■ **What is being asked**: Beginning with the first line below, retype exactly each line through the one containing "Snapshot of cherry_pie95". Leave out all pictures.

━━━━━ Provided data

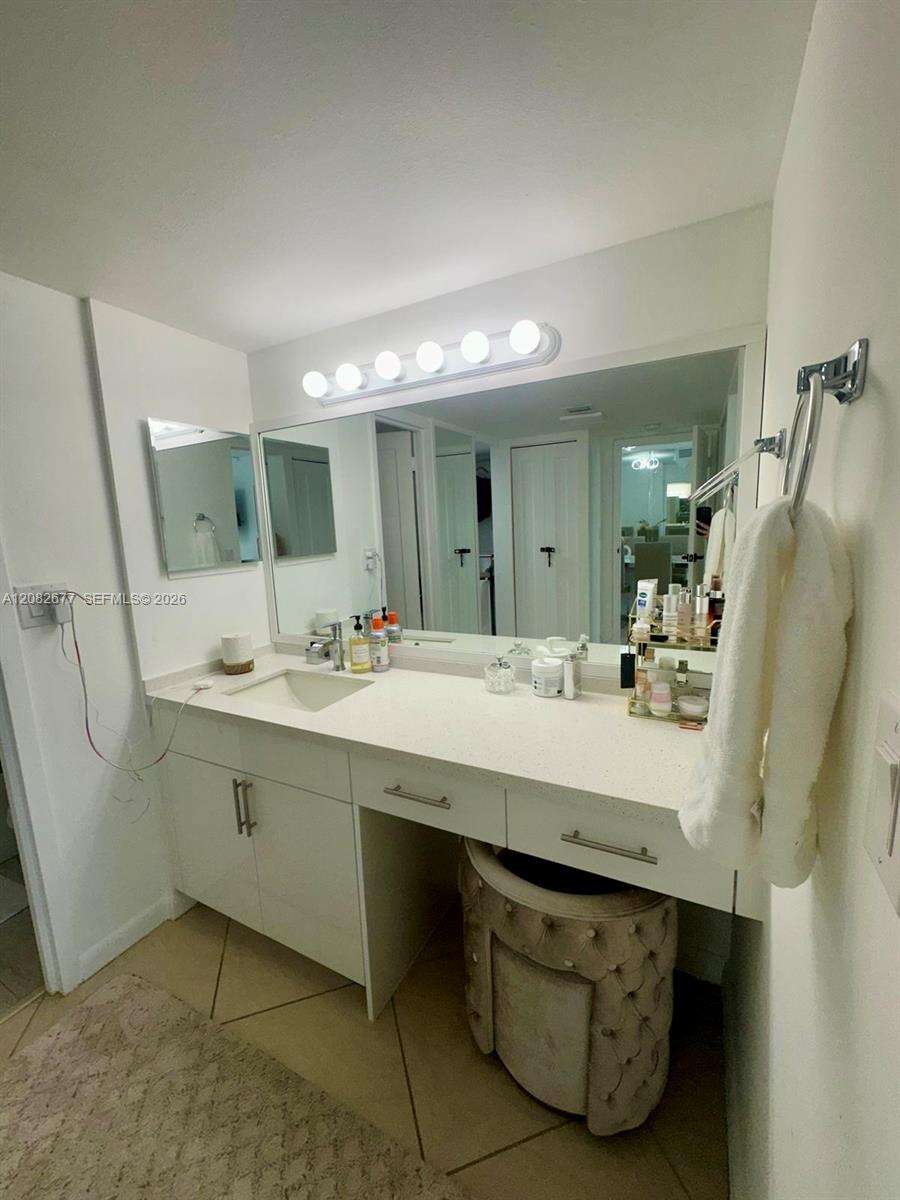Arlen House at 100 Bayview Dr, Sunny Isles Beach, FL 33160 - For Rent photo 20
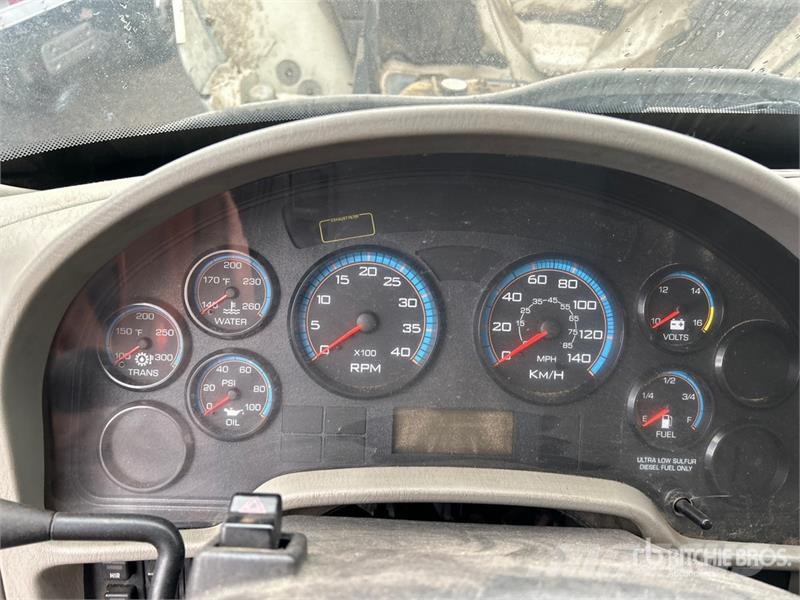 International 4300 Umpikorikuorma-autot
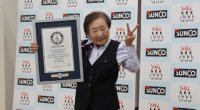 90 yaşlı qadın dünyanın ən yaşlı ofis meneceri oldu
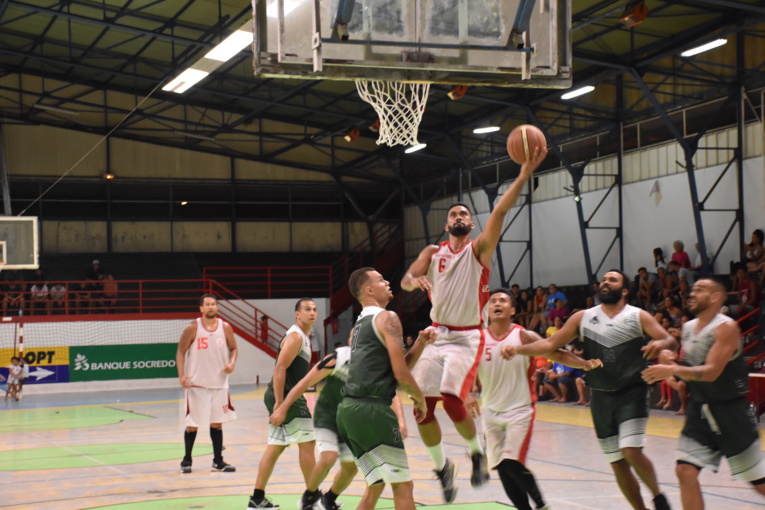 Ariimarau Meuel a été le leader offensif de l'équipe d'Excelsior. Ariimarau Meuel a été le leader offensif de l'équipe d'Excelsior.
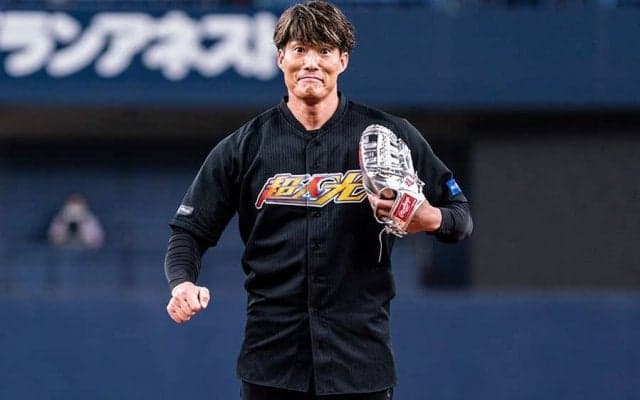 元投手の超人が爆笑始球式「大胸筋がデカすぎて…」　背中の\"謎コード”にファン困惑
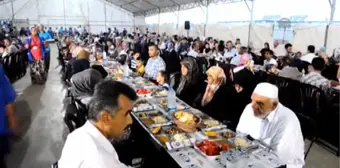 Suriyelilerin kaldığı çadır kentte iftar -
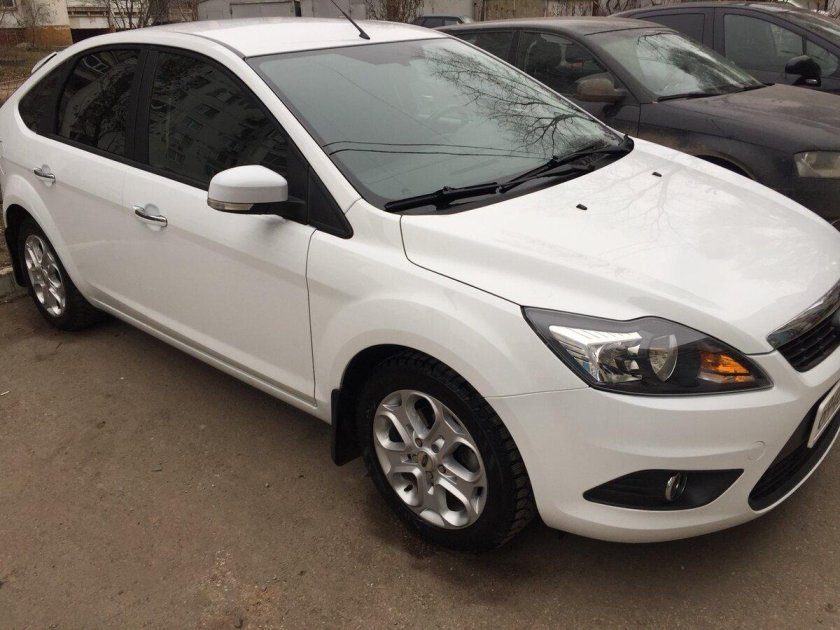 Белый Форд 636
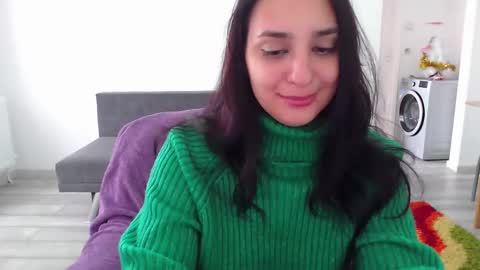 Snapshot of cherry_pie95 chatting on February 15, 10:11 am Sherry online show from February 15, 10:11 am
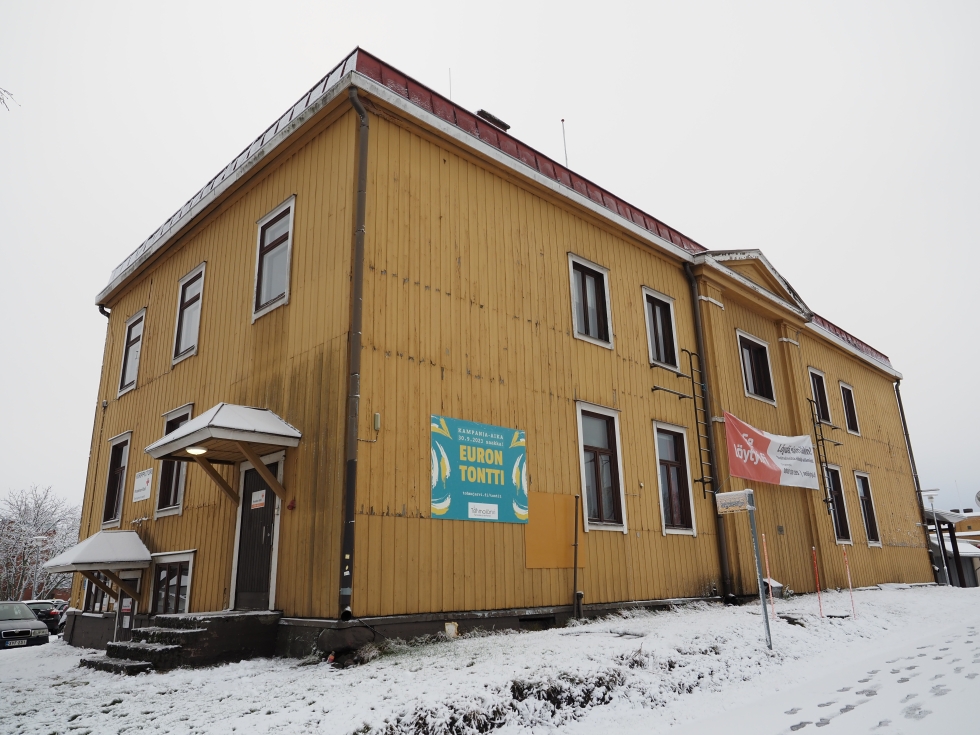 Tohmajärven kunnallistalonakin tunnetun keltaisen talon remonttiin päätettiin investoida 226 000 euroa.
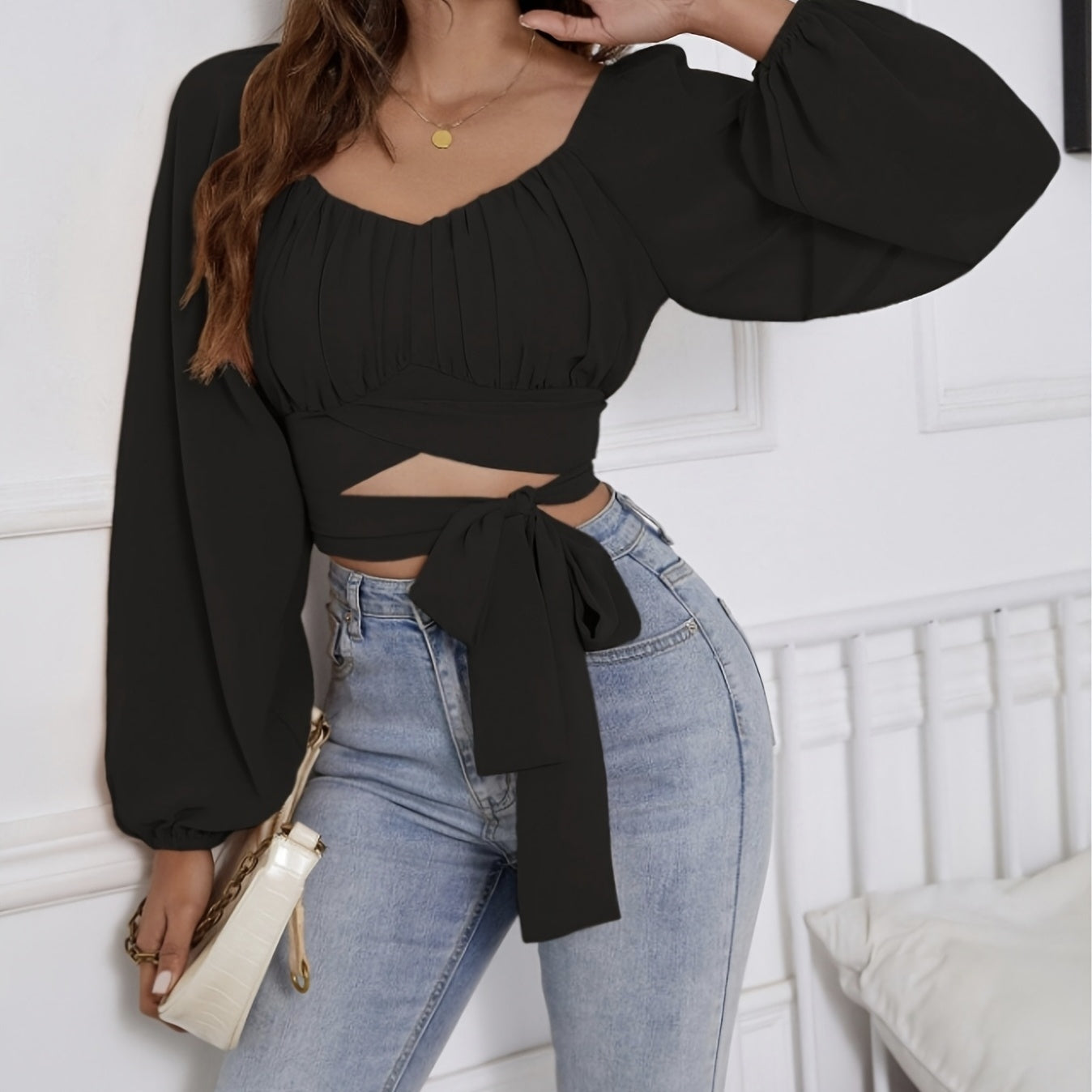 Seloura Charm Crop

━━━━━━━━━━

■ **Solution**:
Arlen House at 100 Bayview Dr, Sunny Isles Beach, FL 33160 - For Rent photo 20
 International 4300 Umpikorikuorma-autot
 90 yaşlı qadın dünyanın ən yaşlı ofis meneceri oldu
 Ariimarau Meuel a été le leader offensif de l'équipe d'Excelsior. Ariimarau Meuel a été le leader offensif de l'équipe d'Excelsior.
 元投手の超人が爆笑始球式「大胸筋がデカすぎて…」　背中の\"謎コード”にファン困惑
 Suriyelilerin kaldığı çadır kentte iftar -
 Белый Форд 636
 Snapshot of cherry_pie95 chatting on February 15, 10:11 am Sherry online show from February 15, 10:11 am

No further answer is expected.